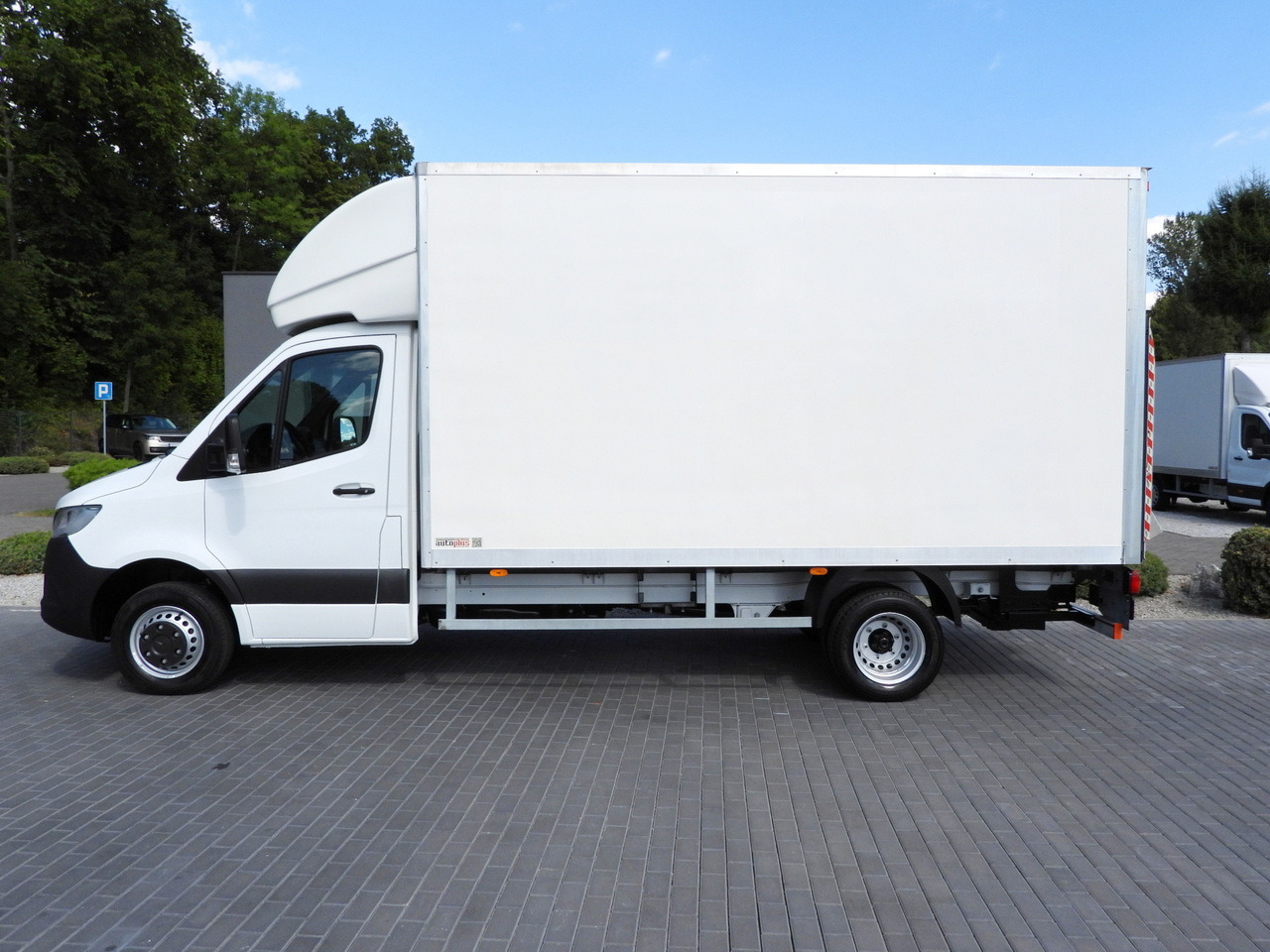 Fourgon grand volume MERCEDES SPRINTER 514 BOX LIFT 8 PALLETS CRUISE CONTROL TWIN WHEELS AIR CONDITIONING  140HP: photos 8
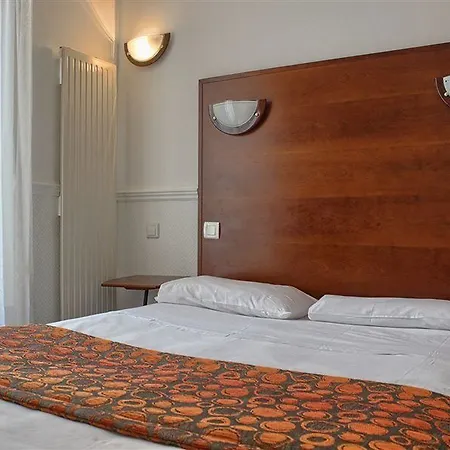 アパートホテル Pavillon Courcelles Parc Monceau 3*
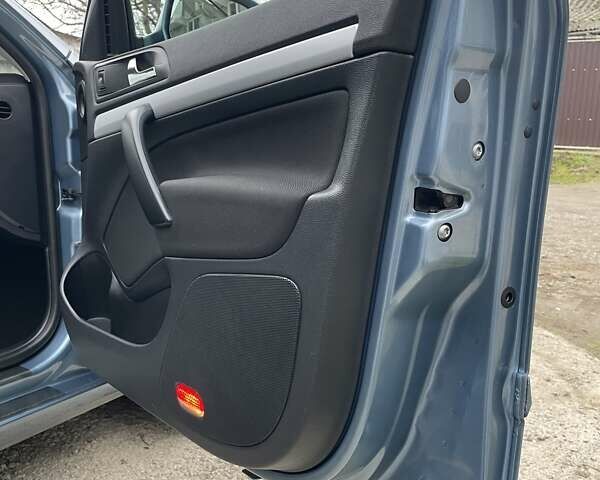 Синий Шкода Октавия, объемом двигателя 1.6 л и пробегом 85 тыс. км за 8999 $, фото 103 на Automoto.ua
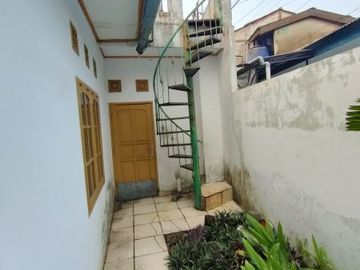 Rumah Dijual Murah Ada Kios Kontrakan Pinggir Jalan Jakarta Timur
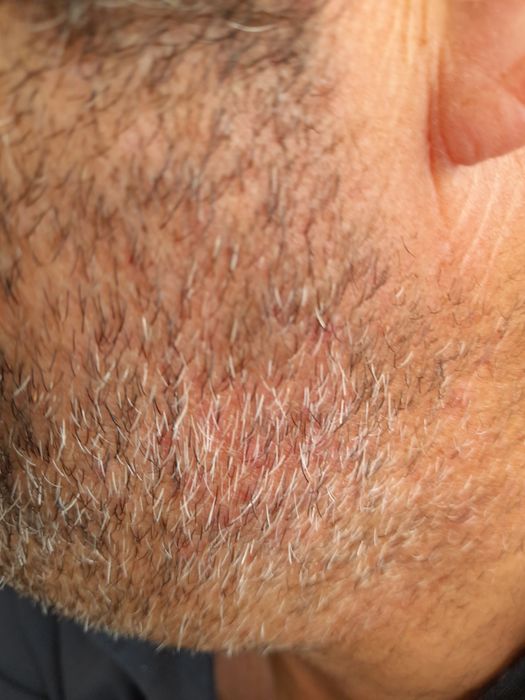 2 mesas de cabeceira com pedra em bom estado e 1 toalete em mogno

—————

Counting both ends, reproduce word for word the lines from the line with "Синий Шкода Октавия, объемом" to the final line of the listing above, skipping every picture.

 Синий Шкода Октавия, объемом двигателя 1.6 л и пробегом 85 тыс. км за 8999 $, фото 103 на Automoto.ua
 Rumah Dijual Murah Ada Kios Kontrakan Pinggir Jalan Jakarta Timur
 2 mesas de cabeceira com pedra em bom estado e 1 toalete em mogno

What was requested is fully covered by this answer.